Pentagon goes two directions on climate change impact

Pentagon goes two directions on climate change impact

Published
Air Force Secretary Heather Wilson testifies during a Senate Appropriations Committee hearing on the Fiscal Year 2020 funding request and budget justification for the Department of the Air Force in Washington, D.C., Mar. 13, 2019. (U.S. Air Force Photo by Adrian Cadiz)

WASHINGTON — The Pentagon is caught between political crosswinds as it attempts to navigate the issue of climate change and its impact on readiness and military basis.

The two pulls were illustrated Wednesday. The Air Force asked Congress for additional funds to fix bases damaged by flood waters and hurricanes while the full Pentagon continued to slow-walk a request by Congress regarding what installations are most threatened by those very same destructive elements.

“The (Pentagon’s) methodology remains opaque,” Rep. James Langevin (R-R.I.) said a statement. “The revised report continues to leave off overseas bases, and it fails to include massive military installations like Camp Lejeune. Most importantly, it continues to lack any assessment of the funds Congress will need to appropriate to mitigate the ever-increasing risks to our service member.”

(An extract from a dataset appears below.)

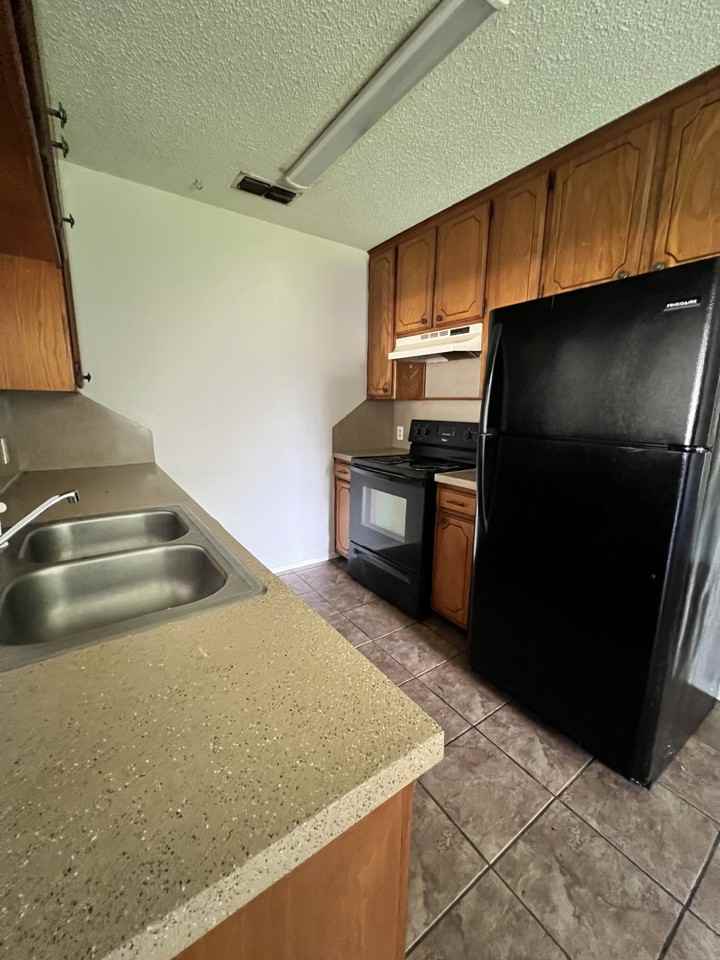 15122 County Road 195 #15122 - Photo 3 of 7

Langevin compared the Pentagon to what “a student rushing to finish a term paper” would submit, in remarks first reported by The Hill.

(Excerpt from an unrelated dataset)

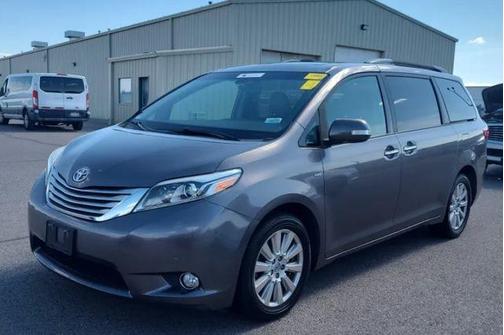 Predawn Gray Mica 2017 Toyota Sienna XLE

The report, which was to refine a more general one sent to Congress in January, arrived on Capitol Hill in advance of Air Force Secretary Heather Wilson saying the Air Force needs almost $5 billion over the next three years to rebuild bases in Florida and Nebraska severely damaged by hurricanes and floods in the past six months.

Speaking at the Heritage Foundation, Wilson said if the Air Force does not receive $1.2 billion of those funds by June for repairs at Tyndall Air Force Base and Offutt Air Force Base, projects at bases in 18 states would be sliced and 18,000 pilot training hours canceled.

Neither of those bases made the list of facilities most threatened by climate change.